• _Material provided_
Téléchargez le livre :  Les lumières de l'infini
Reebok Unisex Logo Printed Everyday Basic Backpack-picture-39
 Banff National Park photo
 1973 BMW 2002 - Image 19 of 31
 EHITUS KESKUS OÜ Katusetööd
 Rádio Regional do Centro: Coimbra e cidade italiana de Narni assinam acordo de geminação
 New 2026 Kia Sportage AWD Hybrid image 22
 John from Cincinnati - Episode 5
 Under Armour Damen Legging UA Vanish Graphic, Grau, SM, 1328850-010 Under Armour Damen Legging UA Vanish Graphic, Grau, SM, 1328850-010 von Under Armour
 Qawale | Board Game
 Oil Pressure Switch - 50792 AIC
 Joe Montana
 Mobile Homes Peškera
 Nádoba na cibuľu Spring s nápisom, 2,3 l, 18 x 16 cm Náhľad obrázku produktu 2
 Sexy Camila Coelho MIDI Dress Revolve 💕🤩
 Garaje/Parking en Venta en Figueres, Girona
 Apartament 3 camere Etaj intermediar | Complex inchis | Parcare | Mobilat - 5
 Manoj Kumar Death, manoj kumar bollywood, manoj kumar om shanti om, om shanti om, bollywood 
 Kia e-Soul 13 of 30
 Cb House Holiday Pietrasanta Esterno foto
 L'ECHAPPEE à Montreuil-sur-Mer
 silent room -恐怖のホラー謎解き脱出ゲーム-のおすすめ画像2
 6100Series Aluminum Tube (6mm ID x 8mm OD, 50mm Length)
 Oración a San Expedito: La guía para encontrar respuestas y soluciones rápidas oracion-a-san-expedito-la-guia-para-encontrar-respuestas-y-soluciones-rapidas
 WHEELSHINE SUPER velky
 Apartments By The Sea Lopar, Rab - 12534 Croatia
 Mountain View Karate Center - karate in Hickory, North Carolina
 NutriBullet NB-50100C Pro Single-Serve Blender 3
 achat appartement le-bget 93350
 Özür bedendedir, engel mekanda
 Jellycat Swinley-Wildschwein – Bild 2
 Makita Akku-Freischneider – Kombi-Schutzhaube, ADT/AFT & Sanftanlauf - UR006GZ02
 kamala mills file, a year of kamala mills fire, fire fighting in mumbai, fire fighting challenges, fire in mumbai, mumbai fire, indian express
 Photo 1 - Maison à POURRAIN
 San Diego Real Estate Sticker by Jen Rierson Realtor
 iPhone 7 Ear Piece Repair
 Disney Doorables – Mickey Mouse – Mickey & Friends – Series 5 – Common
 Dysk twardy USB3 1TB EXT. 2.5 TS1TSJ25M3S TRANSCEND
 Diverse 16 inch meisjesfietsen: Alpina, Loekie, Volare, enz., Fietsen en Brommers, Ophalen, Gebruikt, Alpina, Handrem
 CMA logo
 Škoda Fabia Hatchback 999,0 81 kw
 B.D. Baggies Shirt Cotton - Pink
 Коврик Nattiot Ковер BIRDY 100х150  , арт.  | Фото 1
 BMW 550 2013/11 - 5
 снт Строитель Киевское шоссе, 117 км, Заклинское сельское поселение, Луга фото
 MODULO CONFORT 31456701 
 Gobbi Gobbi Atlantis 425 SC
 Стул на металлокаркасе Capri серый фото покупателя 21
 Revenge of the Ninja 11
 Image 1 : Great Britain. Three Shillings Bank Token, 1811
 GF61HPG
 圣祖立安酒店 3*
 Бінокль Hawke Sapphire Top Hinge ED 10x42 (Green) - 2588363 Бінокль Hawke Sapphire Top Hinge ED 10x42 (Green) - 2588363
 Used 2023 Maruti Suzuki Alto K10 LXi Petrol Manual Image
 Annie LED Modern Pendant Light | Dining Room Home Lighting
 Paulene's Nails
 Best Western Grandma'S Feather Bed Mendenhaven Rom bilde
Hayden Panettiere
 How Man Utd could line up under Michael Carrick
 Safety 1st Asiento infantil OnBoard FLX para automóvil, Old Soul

• _How to complete this task_
Copy the records above, keeping each line identical.

• _Your response_
Téléchargez le livre :  Les lumières de l'infini
Reebok Unisex Logo Printed Everyday Basic Backpack-picture-39
 Banff National Park photo
 1973 BMW 2002 - Image 19 of 31
 EHITUS KESKUS OÜ Katusetööd
 Rádio Regional do Centro: Coimbra e cidade italiana de Narni assinam acordo de geminação
 New 2026 Kia Sportage AWD Hybrid image 22
 John from Cincinnati - Episode 5
 Under Armour Damen Legging UA Vanish Graphic, Grau, SM, 1328850-010 Under Armour Damen Legging UA Vanish Graphic, Grau, SM, 1328850-010 von Under Armour
 Qawale | Board Game
 Oil Pressure Switch - 50792 AIC
 Joe Montana
 Mobile Homes Peškera
 Nádoba na cibuľu Spring s nápisom, 2,3 l, 18 x 16 cm Náhľad obrázku produktu 2
 Sexy Camila Coelho MIDI Dress Revolve 💕🤩
 Garaje/Parking en Venta en Figueres, Girona
 Apartament 3 camere Etaj intermediar | Complex inchis | Parcare | Mobilat - 5
 Manoj Kumar Death, manoj kumar bollywood, manoj kumar om shanti om, om shanti om, bollywood 
 Kia e-Soul 13 of 30
 Cb House Holiday Pietrasanta Esterno foto
 L'ECHAPPEE à Montreuil-sur-Mer
 silent room -恐怖のホラー謎解き脱出ゲーム-のおすすめ画像2
 6100Series Aluminum Tube (6mm ID x 8mm OD, 50mm Length)
 Oración a San Expedito: La guía para encontrar respuestas y soluciones rápidas oracion-a-san-expedito-la-guia-para-encontrar-respuestas-y-soluciones-rapidas
 WHEELSHINE SUPER velky
 Apartments By The Sea Lopar, Rab - 12534 Croatia
 Mountain View Karate Center - karate in Hickory, North Carolina
 NutriBullet NB-50100C Pro Single-Serve Blender 3
 achat appartement le-bget 93350
 Özür bedendedir, engel mekanda
 Jellycat Swinley-Wildschwein – Bild 2
 Makita Akku-Freischneider – Kombi-Schutzhaube, ADT/AFT & Sanftanlauf - UR006GZ02
 kamala mills file, a year of kamala mills fire, fire fighting in mumbai, fire fighting challenges, fire in mumbai, mumbai fire, indian express
 Photo 1 - Maison à POURRAIN
 San Diego Real Estate Sticker by Jen Rierson Realtor
 iPhone 7 Ear Piece Repair
 Disney Doorables – Mickey Mouse – Mickey & Friends – Series 5 – Common
 Dysk twardy USB3 1TB EXT. 2.5 TS1TSJ25M3S TRANSCEND
 Diverse 16 inch meisjesfietsen: Alpina, Loekie, Volare, enz., Fietsen en Brommers, Ophalen, Gebruikt, Alpina, Handrem
 CMA logo
 Škoda Fabia Hatchback 999,0 81 kw
 B.D. Baggies Shirt Cotton - Pink
 Коврик Nattiot Ковер BIRDY 100х150  , арт.  | Фото 1
 BMW 550 2013/11 - 5
 снт Строитель Киевское шоссе, 117 км, Заклинское сельское поселение, Луга фото
 MODULO CONFORT 31456701 
 Gobbi Gobbi Atlantis 425 SC
 Стул на металлокаркасе Capri серый фото покупателя 21
 Revenge of the Ninja 11
 Image 1 : Great Britain. Three Shillings Bank Token, 1811
 GF61HPG
 圣祖立安酒店 3*
 Бінокль Hawke Sapphire Top Hinge ED 10x42 (Green) - 2588363 Бінокль Hawke Sapphire Top Hinge ED 10x42 (Green) - 2588363
 Used 2023 Maruti Suzuki Alto K10 LXi Petrol Manual Image
 Annie LED Modern Pendant Light | Dining Room Home Lighting
 Paulene's Nails
 Best Western Grandma'S Feather Bed Mendenhaven Rom bilde
Hayden Panettiere
 How Man Utd could line up under Michael Carrick
 Safety 1st Asiento infantil OnBoard FLX para automóvil, Old Soul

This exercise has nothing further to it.